TDM Story: Analysing Language
Ewoud Sanders is best known for his weekly column WoordHoek (‘Word Corner’) in the newspaper NRC Handelsblad where he writes about the history of Dutch words and expressions.
He is on a quest to improve digital access to printed Dutch language resources and his pamphlet Eerste Hulp Bij e-Onderzoek (‘First Aid for e-Research’) has been reprinted 16 times and distributed free of charge to students by several Dutch institutes of higher learning. In 2011, Google gave him a grant of $15,000 to help improve internet searching in the Netherlands.
Read the full interview below, or download a printable version to share with others.
How do you use Text and Data Mining?
I mostly use TDM for my work in the language column, which demands research of literary books. Furthermore, I have spent almost 15 years collecting large data sets of books written in Dutch by finding books that are already digitized and harvesting them. Within these 15 years I have learnt how to scan books properly and how to disclose them using OCR and index tools. Hence, I have indexed a collection of 250,000 books so far.

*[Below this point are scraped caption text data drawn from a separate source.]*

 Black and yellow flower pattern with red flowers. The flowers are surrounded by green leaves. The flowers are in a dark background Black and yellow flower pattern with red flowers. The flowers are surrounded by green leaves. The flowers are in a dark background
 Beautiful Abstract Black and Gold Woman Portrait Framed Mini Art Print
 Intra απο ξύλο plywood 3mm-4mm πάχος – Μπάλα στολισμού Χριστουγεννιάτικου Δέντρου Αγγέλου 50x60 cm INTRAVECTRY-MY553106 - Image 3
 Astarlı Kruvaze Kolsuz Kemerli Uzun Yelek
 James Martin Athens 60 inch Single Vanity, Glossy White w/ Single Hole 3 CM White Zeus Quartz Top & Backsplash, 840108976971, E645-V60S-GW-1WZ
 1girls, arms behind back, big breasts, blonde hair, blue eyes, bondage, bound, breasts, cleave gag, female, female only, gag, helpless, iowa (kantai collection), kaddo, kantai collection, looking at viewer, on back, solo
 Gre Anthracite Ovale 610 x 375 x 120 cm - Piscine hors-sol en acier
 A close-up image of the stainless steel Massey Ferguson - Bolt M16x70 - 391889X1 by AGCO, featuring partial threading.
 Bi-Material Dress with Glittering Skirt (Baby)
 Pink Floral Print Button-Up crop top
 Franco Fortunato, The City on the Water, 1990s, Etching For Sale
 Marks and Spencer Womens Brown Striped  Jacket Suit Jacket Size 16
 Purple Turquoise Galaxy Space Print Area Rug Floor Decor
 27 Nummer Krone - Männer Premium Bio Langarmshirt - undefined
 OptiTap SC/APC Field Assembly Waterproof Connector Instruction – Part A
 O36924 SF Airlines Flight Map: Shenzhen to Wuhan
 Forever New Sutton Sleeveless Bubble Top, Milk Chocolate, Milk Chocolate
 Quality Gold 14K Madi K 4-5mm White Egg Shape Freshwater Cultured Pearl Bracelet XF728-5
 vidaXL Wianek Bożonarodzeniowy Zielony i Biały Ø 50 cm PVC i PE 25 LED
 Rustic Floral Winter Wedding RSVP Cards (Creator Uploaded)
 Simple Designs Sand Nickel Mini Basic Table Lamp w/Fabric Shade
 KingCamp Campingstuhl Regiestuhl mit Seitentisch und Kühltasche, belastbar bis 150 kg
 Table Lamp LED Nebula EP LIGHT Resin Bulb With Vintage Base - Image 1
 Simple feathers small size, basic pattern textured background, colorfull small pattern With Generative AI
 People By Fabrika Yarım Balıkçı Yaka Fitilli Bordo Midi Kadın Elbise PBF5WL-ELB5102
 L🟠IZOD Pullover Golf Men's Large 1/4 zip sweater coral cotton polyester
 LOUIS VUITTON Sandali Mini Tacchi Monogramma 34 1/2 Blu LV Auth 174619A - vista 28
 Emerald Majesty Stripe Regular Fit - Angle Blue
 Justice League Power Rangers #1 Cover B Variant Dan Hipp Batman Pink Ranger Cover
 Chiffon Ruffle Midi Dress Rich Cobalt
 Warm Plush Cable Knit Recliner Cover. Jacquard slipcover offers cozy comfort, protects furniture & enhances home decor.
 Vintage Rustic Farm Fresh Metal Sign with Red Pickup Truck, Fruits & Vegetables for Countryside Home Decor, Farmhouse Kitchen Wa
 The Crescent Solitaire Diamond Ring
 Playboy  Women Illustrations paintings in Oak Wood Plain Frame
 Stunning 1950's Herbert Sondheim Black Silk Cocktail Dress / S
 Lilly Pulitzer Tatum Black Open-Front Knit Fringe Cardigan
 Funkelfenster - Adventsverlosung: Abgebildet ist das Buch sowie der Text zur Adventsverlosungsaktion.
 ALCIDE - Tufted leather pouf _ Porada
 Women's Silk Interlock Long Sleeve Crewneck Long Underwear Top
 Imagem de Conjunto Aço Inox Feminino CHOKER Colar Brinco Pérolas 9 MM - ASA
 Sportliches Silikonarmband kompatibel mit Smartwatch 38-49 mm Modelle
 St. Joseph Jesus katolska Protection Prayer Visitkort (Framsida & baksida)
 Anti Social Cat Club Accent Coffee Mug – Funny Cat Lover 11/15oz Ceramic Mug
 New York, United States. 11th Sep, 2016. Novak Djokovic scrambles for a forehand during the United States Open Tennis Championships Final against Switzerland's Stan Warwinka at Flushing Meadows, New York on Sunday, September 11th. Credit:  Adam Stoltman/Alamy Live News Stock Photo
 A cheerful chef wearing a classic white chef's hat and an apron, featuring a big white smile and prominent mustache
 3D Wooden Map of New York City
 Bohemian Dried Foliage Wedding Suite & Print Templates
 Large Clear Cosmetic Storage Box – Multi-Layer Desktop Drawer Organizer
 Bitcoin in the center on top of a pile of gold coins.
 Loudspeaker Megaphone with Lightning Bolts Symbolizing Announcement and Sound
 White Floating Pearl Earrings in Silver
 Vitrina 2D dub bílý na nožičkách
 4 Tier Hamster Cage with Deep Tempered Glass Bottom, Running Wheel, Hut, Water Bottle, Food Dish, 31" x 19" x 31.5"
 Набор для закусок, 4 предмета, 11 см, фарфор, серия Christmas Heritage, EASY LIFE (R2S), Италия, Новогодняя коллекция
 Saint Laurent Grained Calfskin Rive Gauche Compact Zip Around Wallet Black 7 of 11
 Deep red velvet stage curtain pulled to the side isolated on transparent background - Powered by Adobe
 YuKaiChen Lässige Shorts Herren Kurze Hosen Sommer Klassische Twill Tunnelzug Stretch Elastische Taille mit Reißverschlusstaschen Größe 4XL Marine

As already mentioned, I have been writing about the history of Dutch words and expressions. Using index tools I can search through my data collection in a much more advanced way than is possible on the internet. Using wildcards and performing proximity searches, for example, gives me an advantage in my research.
I also use my expert knowledge and skill in internet searching to prepare my publications. In 2009, I gave the 18th Bert van Selm memorial lecture on the latter topic, under the title De reïncarnatie van het boek. In zeven stappen een eigen digitale bibliotheek. (The Reincarnation of the Book. Seven Steps Towards a Digital Library), which was published by Leiden University Press.
Is access to content an issue for you?
It is legally possible to build such a database in my own environment for private use. I can do my research but I cannot share the content with other researchers. I help biographers and researchers up to the point that the legal limitations and copyright allow it. It is important for science to be able to share, but this possibility is very limited. Especially according to the Dutch legislation. One has to wait for 70 years after the author’s death, to have full access and be able to share the content.
How do you see TDM in the future?
Text and Data Mining needs to be an easier procedure without all these legal limitations. Lots of books are digitally born, for many years already, but there is no flow in the procedure of using them. More books should be available to researchers, especially literary. TDM should enable users further and help science move forward.